MK: Well, as time and space have imploded, tech is moving faster, the singularity and AI are coming, and so on, our understanding of the past changes. The 20th century appears dustier and dustier. I think nostalgia is understood by many people as pejorative; you’re a dimwit or a dullard if you are nostalgic. But I am nostalgic for the boring days when you could spend hours doing nothing, and also the slower, more affordable days — the pre-professional days when you didn’t need to have a credit score to rent an apartment or to think about what your relationship to social media and what your identity were going to be. I have to start getting on social media and pimping myself for the book and deciding on my identity. So I’m consciously asking, “How can I subvert this in a way that I’m comfortable with, but also do the PR thing?” That’s just another time suck now. All of this is bad for art. 
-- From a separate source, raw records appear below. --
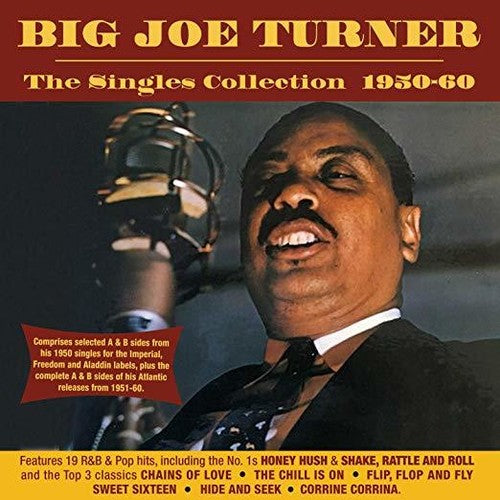 Joe Big Turner: Singles Collection 1950-60  [ CD ]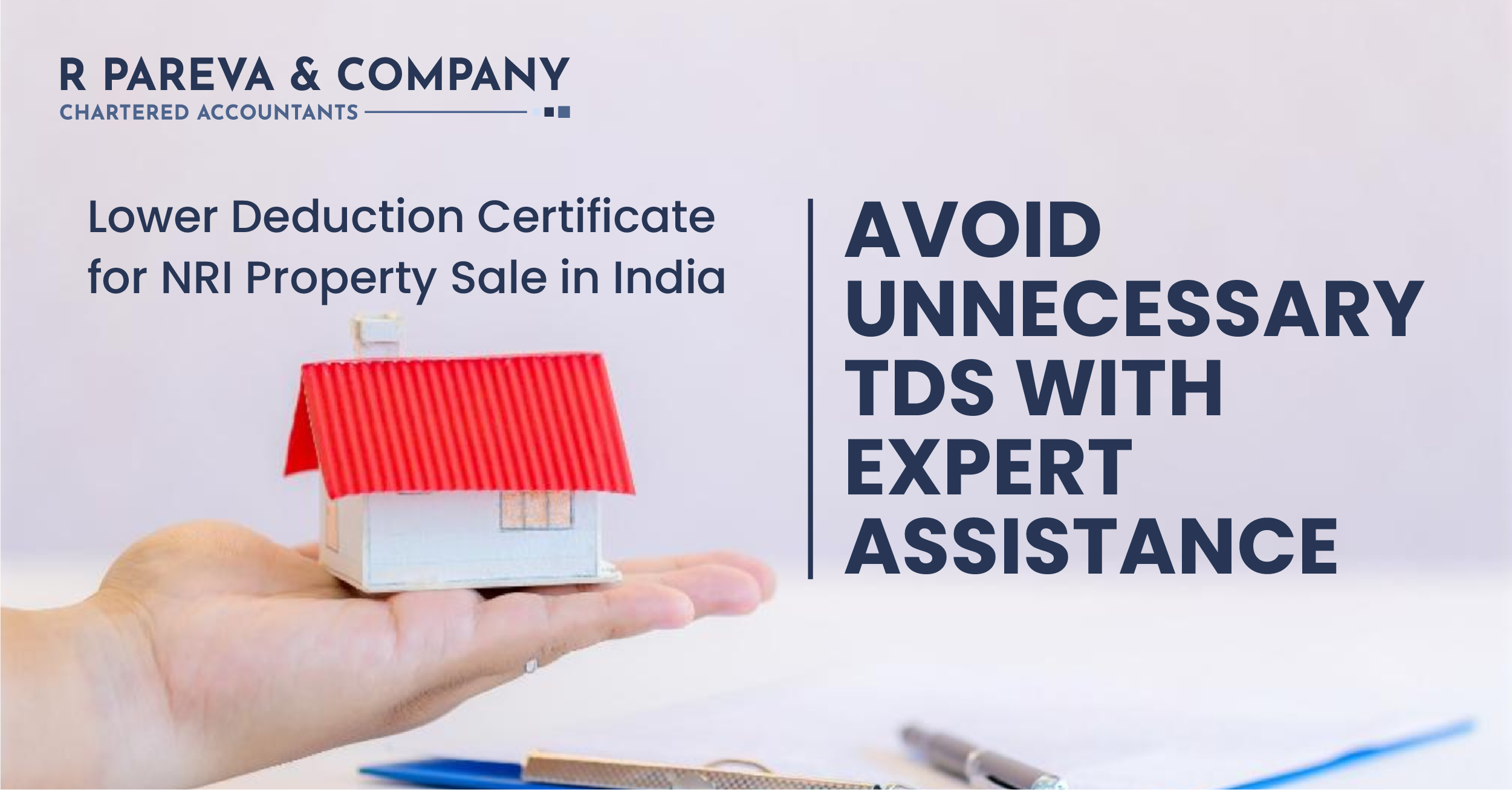 Lower Deduction Certificate for NRI Property Sale in India: Avoid Unnecessary TDS with Expert Assistance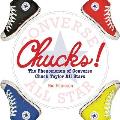 Chucks!: The Phenomenon of Converse Chuck Taylor All Stars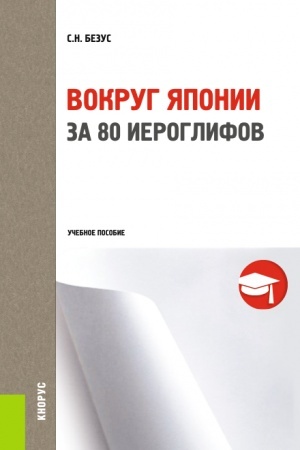 Обложка: Вокруг Японии за 80 иероглифов. (Бакалавриат, Магистратура, Специалитет). Учебное пособие.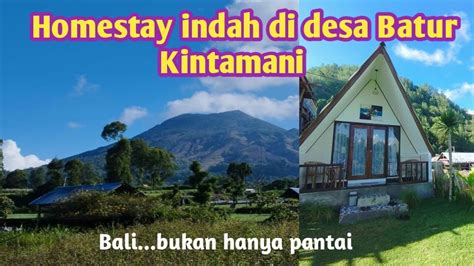 Jalan Jalan Ke Desa Batur Kintamani Bermalam Di Batur Homestay Lodge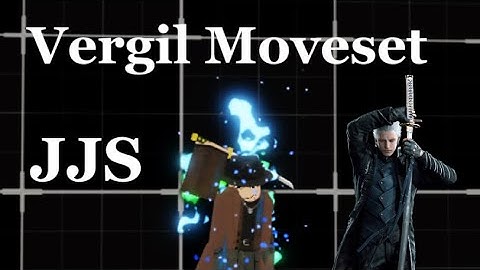 {JJS SKILL BUILDER} Vergil Moveset (DMC5)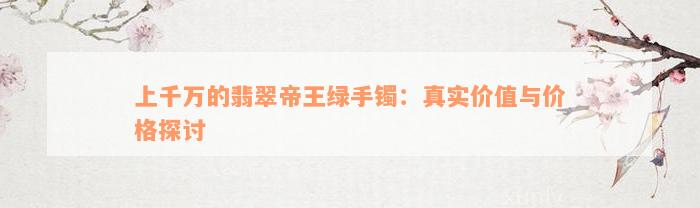 上千万的翡翠帝王绿手镯：真实价值与价格探讨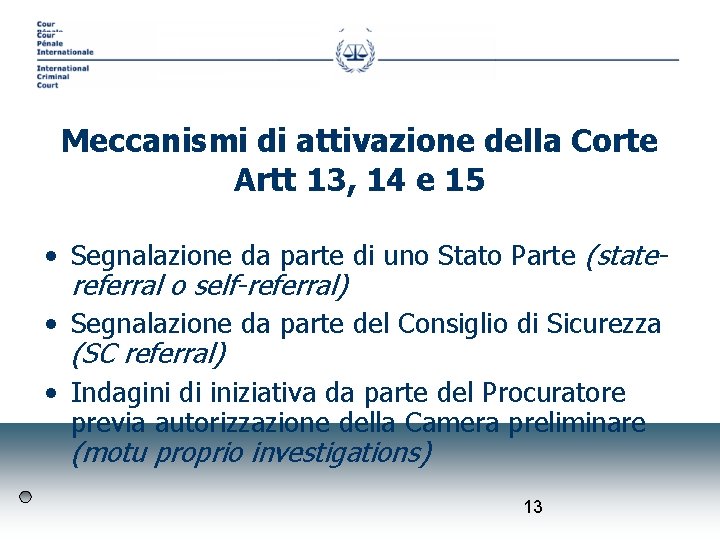 Meccanismi di attivazione della Corte Artt 13, 14 e 15 • Segnalazione da parte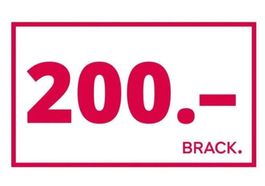 200.- BRACK-Gutschein ab 1.-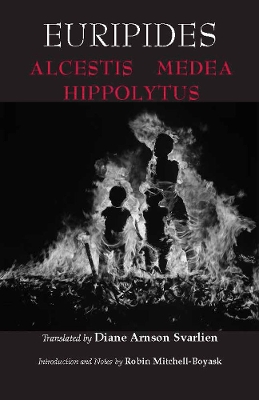 Alcestis, Medea, Hippolytus - Euripides, and Svarlien, Diane Arnson (Translated by), and Mitchell-Boyask, Robin (Introduction by)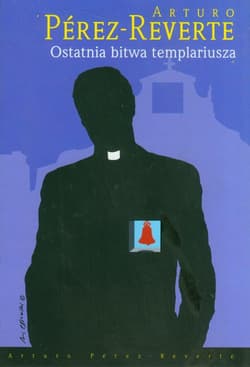 Ostatnia bitwa templariusza - Arturo  Pérez-Reverte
H: It’s bad for art and artists, and I think it’s bad for New York City.

MK: And then New York becomes, like you said, an art gallery. Obviously, there’s tons of images of New York and the myth of New York is circulating. But social media just adds to the city’s commodification. And so much of it is so uninspiring to me. Like, that’s your New York? Really? That “Cupcake New York” is what Penny Arcade calls it — you’re gonna go to New York for a cupcake? Please. I love Penny, and I quote her a lot because I really like her take on New York and artists: “Artist” has become a sense of style that you can try on like a t-shirt. And I think social media is connected to that. 

H: Even as a viewer or reader, there is something different about experiencing art that someone has put their whole lives behind, not just donned as a style or brand.

MK: Yeah. And there’s something at stake when you blow up your life and you move to New York without financial security and try and be a writer or painter or actor. And it’s just really gross to have someone come in and be like, “Oh, I’m an artist, too. I took class, or I doodle on the weekends, or I made this pillow,” and it’s just like, what? But then you kind of sound like you’re snotty or out of touch, or like a gatekeeper. And I’m not. I’m none of that. Well, I might be out of touch and snotty, but I’m not a gatekeeper.

H: Do you think living in New York City has influenced your writing process — the desire to resist convention?

MK: On some level your social and cultural surroundings bleed into your work unconsciously. New York is mean, sucks your time, and backs you into a corner, but it also inspires me in a way that no other cities have. Without conviction you are sunk here. Sometimes I ask myself, “What the fuck am I doing or writing?” and then answer back, “Whatever the fuck I want.”